The bill is being reviewed by the Assembly Committee on Appropriations. 

Should the bill pass, school districts would be directed to hold two public meetings to develop and adopt their homework policies. Districts would also have to post their policy publicly and update it every five years. 

The state Department of Education would be required to post guidelines for developing homework policies by Jan. 1, 2026. 

Should the bill cause school districts to have to spend money to meet the guidelines of their policy, the state would reimburse those districts for certain costs. 

According to the bill, research shows that 45% of students consider homework a primary source of stress, and adding more homework can cause them to not meet developmental needs or cultivate critical life skills. That, the bill states, leads to students dropping activities, not seeing friends or family and choosing to not pursue hobbies that they enjoy. 
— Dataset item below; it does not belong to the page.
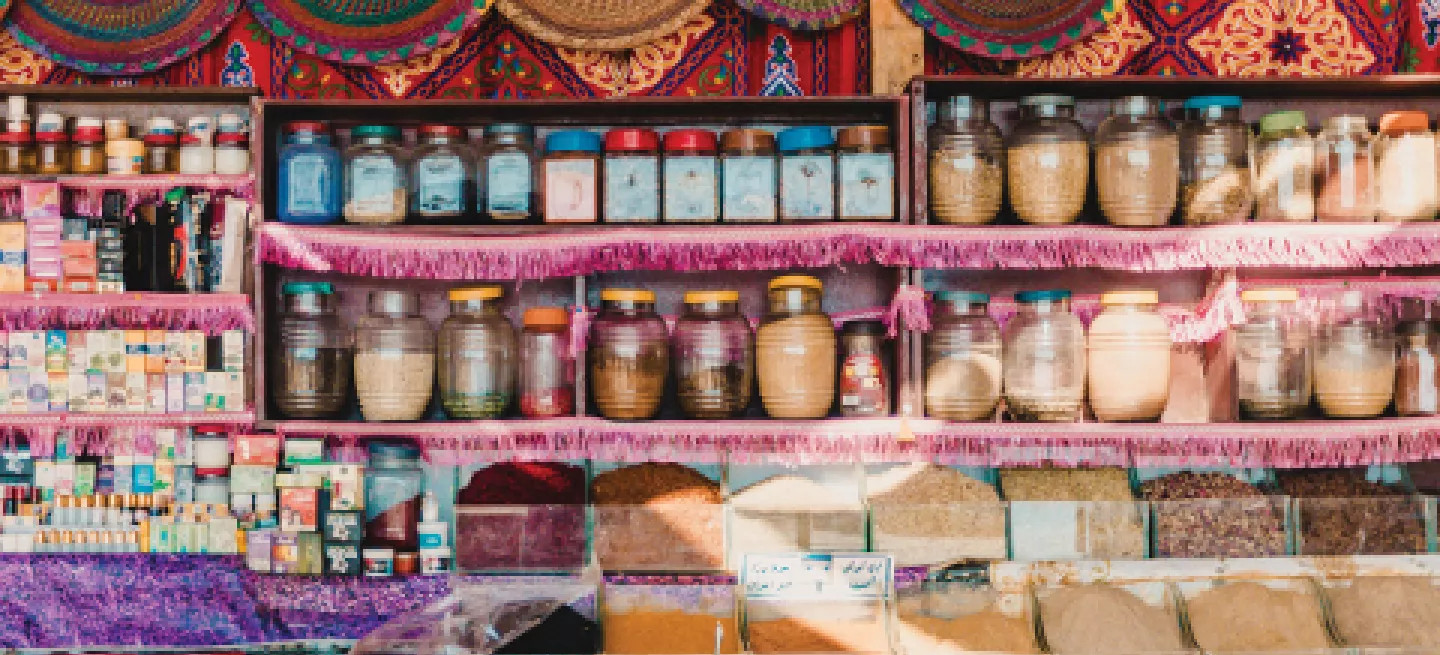 Spices and other jarred products on display in a souk in Marrakech, Morocco.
Schiavo said the idea of the bill came from her daughter, Sophia, a sixth-grade student, who spoke at the news conference. During her campaign in 2022, Sophia asked her mom if she would have the power to ban homework, Schiavo said. 

Assemblywoman Pilar Schiavo, D-Chatsworth, brought her daughter, Sophia, to speak during a news conference held in Sacramento last week for her new bill focused on changing homework policies. Screenshot.
Assemblywoman Pilar Schiavo, D-Chatsworth, brought her daughter, Sophia, to speak during a news conference held in Sacramento last week for her new bill focused on changing homework policies. Screenshot.

Last week, Sophia explained why she brought that up. 

“Homework is exhausting. It’s overwhelming,” Sophia said. “And it’s depressing that my whole day, from when I wake up until when I go to bed, is nearly all taken up with schoolwork. With most of my time scheduled for me, it’s making me not like school at all.” 

According to Denise Pope, a senior lecturer in education at Stanford, of 13,000 California high school students who were surveyed, the average amount of homework was two and a half hours. 

That, she said, leaves little time for sleep, time with friends and family and other extracurricular activities after also spending seven to eight hours in school each day. 

“This isn’t just a frivolous thing, it turns out,” Pope said. “Extensive research will show you that playtime, downtime and family time are considered protective factors and are fundamental to healthy children.” 

Schiavo added that more homework could also lead to more time using screens and students learning poor time management skills as most of their time would be spent doing only one thing. 

“We’re asking students to do actually three shifts,” Schiavo said. “They go to school all day and then they go to after-school or after-school activities, and then come home and sit at the table in the evening and work all night on their homework.” 

Valencia High School teacher Casey Cuny spoke at a news conference last week on Assemblywoman Pilar Schiavo's new bill seeking to change homework policies. Screenshot.
Valencia High School teacher Casey Cuny spoke at a news conference last week on Assemblywoman Pilar Schiavo’s new bill seeking to change homework policies. Screenshot.

Also in Sacramento for the news conference was Casey Cuny, a Valencia High School English teacher and one of five teachers selected as the 2023-24 California Teachers of the Year.  

Cuny said he initially taught the way that he was taught, meaning lots of homework. These days, Cuny focuses more on teaching in the classroom and only assigning small amounts of homework to reinforce certain ideas. 

“I think there’s enough time in the classroom for the learning to take place in the classroom with the professional,” Cuny said. “There is space for meaningful homework, but it doesn’t need to be 50 problems.”